The United States has over 1,000 confirmed cases of coronavirus, with Indiana having none at this present time. Popular domestic destinations for vacation, such as Florida, or California, have the virus already in their state. According to Dr. Aaron Milstone, a professor at the John Hopkins University School of Medicine, United States citizens should feel very comfortable traveling within borders. However, he did add that that can change, if the virus continues to spread. 

However, travel to other countries is less advised. The State department has Italy, South Korea, Iran, Mongolia, and China all are listed at level 3 or 4 travel alerts due to the coronavirus. Japan is also listed as an area to stay clear of for the present moment in time. 

Universities across the United States have canceled their study abroad trips, citing health concerns. Locally, the Spain and Italy trip that Delphi students were supposed to attend has been postponed. Several companies, such as Marriott and Hilton hotel chains, waived their cancellation fees. Marriott currently has a 1% occupation rate in hotels in Macau, China. 

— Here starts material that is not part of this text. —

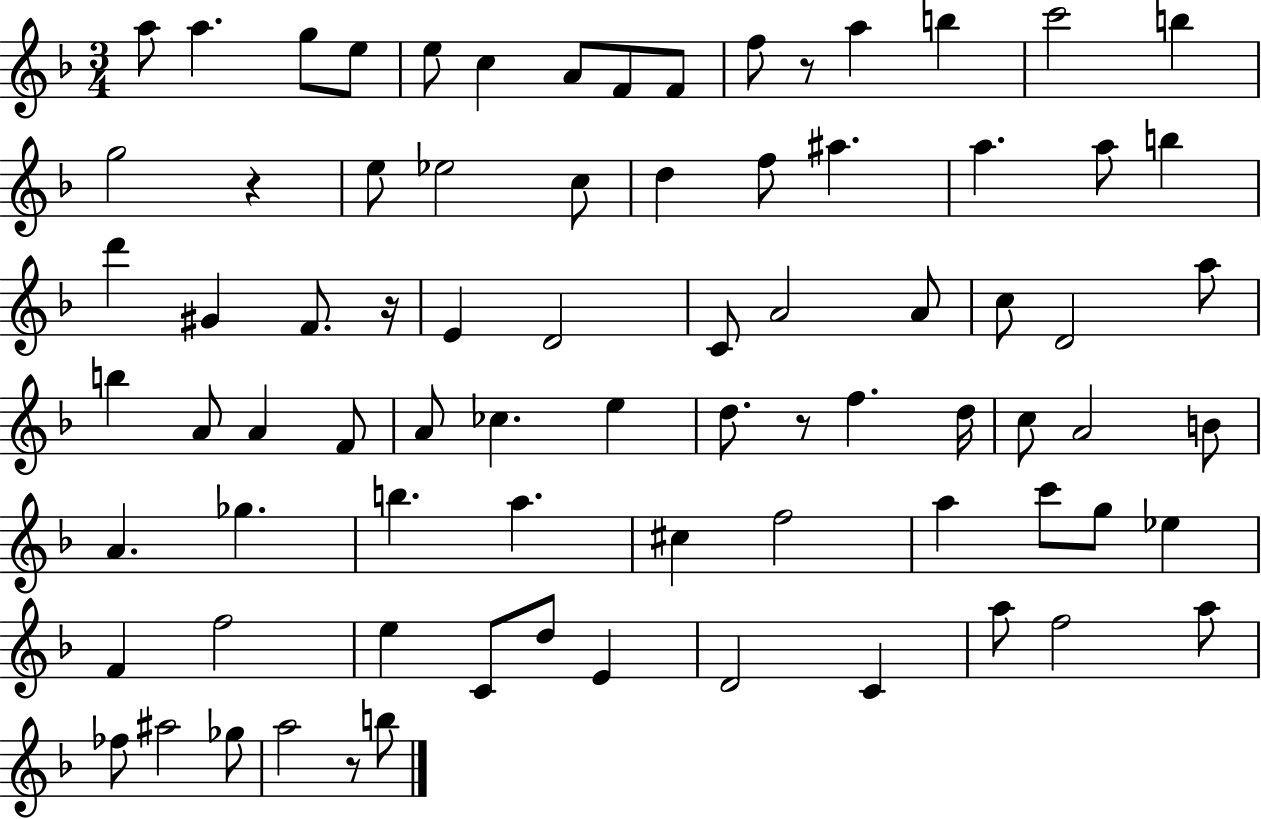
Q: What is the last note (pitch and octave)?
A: B5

All the lack of touring has had a huge impact on economies throughout the globe as well. Fear over the virus is resulting in a predicted 25 million fewer outbound trips by Chinese travelers this year. That could wipe out as much as $73 billion in spending. With more foreign countries becoming hotbeds for the outbreak, airlines could lose $29 billion from people staying in their local area. The lack of flying has resulted in global traffic being reduced by 4.7%. The industry that has perhaps been hit the hardest is the cruise industry. Bookings for Asain cruises are down 95% from where they were last year. 

For those that are still traveling this Spring Break, take precautions such as basic hygiene procedures. Countries with travel alerts are the places that are the riskiest destinations to visit. Pregnant women and the elderly are encouraged to think twice about traveling through airports, especially abroad. If trips to foreign areas are still in the planning phase, it is recommended that travelers buy “cancel for any reason insurance policies”, in case the coronavirus spreads. For now, most travelers shouldn’t have to worry about catching the coronavirus on Spring Break trips. Dr. Milstone advised, “If you’re not going to enjoy your vacation because you’re nervous about this, then it’s probably not worth you going.”